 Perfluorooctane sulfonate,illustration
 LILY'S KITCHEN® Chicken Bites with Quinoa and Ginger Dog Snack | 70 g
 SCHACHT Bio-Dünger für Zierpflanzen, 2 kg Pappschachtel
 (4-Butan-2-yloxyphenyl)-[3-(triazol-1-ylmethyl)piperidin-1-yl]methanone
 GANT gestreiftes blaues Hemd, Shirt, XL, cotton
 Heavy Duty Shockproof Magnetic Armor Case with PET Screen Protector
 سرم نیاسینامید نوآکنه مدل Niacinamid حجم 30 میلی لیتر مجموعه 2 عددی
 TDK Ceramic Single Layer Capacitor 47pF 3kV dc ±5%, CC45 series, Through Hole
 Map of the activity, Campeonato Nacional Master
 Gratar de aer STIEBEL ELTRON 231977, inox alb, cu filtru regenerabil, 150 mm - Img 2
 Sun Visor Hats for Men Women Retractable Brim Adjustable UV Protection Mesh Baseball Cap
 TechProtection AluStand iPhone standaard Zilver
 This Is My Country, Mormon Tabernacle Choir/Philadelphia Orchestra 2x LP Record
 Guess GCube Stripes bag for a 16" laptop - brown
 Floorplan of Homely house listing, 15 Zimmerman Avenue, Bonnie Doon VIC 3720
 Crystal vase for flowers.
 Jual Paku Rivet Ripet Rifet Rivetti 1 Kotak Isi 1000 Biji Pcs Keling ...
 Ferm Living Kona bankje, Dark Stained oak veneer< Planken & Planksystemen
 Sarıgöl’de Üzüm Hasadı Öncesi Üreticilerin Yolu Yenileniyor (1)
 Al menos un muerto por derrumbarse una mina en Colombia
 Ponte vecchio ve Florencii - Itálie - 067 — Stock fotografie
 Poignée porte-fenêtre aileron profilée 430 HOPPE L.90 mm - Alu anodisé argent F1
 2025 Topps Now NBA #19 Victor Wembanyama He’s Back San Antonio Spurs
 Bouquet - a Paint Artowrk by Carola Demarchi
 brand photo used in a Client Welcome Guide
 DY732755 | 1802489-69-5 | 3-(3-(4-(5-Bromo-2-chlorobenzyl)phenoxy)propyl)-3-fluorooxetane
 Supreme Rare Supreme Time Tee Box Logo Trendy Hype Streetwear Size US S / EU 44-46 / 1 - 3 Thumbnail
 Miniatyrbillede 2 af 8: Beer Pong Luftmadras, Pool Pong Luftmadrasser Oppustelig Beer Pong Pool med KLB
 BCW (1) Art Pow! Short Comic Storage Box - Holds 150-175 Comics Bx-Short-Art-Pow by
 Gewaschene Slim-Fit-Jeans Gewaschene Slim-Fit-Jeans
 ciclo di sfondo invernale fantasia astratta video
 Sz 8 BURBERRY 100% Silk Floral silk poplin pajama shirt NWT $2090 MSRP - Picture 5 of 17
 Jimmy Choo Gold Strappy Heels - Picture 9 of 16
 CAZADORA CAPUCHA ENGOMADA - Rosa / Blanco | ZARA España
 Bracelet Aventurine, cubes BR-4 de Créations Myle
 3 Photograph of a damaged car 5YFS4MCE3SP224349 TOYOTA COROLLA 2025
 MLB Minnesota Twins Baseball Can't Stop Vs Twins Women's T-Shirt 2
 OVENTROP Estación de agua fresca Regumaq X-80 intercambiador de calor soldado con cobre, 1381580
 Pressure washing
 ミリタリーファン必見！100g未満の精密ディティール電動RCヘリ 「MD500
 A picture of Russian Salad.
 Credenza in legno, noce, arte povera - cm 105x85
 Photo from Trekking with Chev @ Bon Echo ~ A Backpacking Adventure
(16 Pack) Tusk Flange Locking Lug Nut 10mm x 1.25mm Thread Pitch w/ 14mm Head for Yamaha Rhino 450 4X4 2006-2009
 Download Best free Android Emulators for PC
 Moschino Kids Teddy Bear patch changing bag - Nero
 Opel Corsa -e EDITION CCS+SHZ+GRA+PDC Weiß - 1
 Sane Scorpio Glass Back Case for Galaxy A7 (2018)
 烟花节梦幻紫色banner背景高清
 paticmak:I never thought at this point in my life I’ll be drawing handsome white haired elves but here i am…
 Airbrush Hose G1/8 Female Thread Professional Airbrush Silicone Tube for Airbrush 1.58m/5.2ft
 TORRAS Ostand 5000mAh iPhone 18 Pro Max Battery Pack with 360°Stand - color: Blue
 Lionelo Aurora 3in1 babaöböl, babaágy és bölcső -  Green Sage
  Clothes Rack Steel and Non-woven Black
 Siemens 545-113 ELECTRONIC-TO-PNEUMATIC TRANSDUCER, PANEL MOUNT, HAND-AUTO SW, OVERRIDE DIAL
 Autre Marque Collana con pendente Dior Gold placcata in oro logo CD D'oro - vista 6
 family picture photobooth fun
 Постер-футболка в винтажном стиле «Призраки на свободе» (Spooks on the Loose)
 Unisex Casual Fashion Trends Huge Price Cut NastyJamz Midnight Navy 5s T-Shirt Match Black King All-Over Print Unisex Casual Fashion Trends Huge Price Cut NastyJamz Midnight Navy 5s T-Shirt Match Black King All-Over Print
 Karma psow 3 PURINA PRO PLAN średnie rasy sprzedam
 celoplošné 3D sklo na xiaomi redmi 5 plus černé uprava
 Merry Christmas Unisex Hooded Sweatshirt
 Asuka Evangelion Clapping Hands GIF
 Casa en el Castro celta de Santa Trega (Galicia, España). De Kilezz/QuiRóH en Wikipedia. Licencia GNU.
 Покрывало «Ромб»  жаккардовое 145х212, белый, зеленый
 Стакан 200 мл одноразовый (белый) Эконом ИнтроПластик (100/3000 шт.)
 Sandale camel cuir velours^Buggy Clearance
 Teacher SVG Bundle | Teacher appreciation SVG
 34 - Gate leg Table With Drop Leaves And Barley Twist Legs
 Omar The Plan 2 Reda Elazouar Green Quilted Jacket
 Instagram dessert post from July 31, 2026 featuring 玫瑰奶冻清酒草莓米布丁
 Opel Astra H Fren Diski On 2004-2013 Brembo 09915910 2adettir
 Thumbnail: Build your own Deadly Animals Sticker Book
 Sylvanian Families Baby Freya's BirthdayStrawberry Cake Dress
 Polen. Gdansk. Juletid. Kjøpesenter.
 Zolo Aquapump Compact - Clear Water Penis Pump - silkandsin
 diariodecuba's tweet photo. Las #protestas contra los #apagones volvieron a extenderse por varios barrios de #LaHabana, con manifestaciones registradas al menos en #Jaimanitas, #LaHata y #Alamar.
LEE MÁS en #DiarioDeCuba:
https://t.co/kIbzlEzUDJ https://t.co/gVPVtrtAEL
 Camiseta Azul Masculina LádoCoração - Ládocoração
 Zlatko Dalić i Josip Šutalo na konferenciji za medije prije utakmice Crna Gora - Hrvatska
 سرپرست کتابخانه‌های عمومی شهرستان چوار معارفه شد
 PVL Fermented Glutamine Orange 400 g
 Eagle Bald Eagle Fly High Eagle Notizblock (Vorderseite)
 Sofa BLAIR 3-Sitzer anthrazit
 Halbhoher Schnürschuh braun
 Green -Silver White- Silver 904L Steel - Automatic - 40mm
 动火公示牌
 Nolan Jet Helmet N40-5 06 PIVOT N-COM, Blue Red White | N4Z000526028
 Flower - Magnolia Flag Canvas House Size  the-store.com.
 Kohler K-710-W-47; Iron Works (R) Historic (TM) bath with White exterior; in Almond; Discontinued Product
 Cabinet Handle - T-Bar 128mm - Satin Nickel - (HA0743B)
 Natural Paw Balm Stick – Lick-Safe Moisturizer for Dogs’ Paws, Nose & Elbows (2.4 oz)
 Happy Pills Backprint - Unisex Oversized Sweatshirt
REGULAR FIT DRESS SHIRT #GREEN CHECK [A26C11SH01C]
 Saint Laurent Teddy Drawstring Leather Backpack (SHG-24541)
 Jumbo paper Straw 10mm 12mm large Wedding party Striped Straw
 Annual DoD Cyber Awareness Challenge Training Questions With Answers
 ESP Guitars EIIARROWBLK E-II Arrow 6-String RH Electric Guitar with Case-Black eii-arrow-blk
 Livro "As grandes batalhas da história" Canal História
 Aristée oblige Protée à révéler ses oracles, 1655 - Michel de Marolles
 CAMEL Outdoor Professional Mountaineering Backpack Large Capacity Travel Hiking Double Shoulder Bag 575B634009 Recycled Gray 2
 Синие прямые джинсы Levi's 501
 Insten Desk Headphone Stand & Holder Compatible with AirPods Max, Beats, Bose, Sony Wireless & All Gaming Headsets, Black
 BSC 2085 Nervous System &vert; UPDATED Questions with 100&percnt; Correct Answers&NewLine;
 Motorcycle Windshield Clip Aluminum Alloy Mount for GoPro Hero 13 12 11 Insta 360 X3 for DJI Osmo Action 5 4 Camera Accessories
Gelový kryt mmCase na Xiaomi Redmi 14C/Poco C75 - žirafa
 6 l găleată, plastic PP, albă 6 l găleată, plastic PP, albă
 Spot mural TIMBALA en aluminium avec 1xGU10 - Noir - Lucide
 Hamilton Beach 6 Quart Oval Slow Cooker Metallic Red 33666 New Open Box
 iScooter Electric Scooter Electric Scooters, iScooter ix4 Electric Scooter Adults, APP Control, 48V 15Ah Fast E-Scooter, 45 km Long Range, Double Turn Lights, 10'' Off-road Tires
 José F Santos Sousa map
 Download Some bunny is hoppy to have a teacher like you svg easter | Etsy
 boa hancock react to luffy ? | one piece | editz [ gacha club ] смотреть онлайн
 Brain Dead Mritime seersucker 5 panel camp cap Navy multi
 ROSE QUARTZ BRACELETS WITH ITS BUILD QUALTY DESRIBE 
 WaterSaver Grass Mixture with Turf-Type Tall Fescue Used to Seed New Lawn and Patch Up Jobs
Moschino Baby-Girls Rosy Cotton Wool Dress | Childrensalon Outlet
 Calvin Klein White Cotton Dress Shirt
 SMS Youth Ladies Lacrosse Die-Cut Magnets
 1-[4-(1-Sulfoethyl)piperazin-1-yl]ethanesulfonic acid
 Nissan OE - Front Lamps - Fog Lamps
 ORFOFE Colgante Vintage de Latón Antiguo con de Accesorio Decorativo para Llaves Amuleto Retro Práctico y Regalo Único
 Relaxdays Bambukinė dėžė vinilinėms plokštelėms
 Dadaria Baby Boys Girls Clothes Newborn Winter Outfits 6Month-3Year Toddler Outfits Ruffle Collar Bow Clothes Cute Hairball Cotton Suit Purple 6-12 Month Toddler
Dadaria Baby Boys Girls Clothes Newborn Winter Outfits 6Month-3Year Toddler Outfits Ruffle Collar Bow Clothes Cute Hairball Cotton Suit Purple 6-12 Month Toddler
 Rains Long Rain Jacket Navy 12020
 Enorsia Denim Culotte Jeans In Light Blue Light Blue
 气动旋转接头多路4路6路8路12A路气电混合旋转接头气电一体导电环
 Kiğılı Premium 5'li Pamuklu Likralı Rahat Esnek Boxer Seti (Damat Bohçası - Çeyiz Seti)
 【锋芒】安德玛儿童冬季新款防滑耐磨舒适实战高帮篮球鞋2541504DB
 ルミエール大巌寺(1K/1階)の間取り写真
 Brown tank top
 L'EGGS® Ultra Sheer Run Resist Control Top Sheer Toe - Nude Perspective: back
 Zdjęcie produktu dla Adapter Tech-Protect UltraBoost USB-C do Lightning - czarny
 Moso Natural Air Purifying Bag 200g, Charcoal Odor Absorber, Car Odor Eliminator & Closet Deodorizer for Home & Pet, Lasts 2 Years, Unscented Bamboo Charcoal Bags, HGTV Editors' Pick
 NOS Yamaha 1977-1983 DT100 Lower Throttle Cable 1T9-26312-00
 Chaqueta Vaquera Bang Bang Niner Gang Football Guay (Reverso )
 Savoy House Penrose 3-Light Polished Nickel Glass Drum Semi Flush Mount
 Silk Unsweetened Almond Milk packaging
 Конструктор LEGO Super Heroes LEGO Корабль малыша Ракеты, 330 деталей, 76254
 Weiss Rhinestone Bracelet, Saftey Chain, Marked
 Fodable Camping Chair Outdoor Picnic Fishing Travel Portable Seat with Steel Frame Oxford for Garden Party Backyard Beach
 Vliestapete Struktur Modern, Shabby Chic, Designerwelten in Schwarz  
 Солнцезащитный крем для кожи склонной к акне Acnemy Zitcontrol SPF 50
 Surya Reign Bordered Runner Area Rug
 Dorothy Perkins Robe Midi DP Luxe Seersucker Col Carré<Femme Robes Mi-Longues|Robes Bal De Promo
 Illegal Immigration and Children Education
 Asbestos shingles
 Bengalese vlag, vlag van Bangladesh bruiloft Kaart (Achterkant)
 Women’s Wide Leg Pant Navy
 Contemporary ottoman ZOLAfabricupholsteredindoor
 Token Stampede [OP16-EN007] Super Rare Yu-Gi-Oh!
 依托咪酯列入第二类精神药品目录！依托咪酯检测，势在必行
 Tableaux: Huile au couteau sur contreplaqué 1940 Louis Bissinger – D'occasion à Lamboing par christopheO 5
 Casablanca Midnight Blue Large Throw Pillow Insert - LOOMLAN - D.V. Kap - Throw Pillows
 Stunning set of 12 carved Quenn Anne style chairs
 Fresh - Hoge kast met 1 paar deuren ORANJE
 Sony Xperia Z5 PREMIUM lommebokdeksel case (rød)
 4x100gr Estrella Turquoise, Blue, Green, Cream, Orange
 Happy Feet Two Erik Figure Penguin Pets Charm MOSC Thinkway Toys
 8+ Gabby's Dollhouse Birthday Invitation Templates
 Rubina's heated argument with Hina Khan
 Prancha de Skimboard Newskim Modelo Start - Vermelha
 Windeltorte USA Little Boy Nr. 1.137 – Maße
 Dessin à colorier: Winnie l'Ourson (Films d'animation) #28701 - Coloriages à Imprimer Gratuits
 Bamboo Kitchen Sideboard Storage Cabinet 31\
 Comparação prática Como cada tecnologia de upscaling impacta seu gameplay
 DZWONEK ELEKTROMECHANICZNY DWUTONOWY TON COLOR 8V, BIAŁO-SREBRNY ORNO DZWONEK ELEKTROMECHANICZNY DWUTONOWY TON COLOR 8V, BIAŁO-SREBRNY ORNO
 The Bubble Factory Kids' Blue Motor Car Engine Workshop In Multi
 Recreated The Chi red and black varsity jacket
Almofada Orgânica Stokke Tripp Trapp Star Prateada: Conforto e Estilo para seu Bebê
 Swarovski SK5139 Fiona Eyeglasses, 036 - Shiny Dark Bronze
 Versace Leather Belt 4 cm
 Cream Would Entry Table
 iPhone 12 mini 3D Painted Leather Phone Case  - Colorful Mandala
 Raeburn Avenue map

**What to do**
Take the stretch of lines above from the one containing "Weiss Rhinestone Bracelet, Saftey" through the one containing "Bengalese vlag, vlag" and repeat it exactly, adding no other line.

**Answer to this task**
 Weiss Rhinestone Bracelet, Saftey Chain, Marked
 Fodable Camping Chair Outdoor Picnic Fishing Travel Portable Seat with Steel Frame Oxford for Garden Party Backyard Beach
 Vliestapete Struktur Modern, Shabby Chic, Designerwelten in Schwarz  
 Солнцезащитный крем для кожи склонной к акне Acnemy Zitcontrol SPF 50
 Surya Reign Bordered Runner Area Rug
 Dorothy Perkins Robe Midi DP Luxe Seersucker Col Carré<Femme Robes Mi-Longues|Robes Bal De Promo
 Illegal Immigration and Children Education
 Asbestos shingles
 Bengalese vlag, vlag van Bangladesh bruiloft Kaart (Achterkant)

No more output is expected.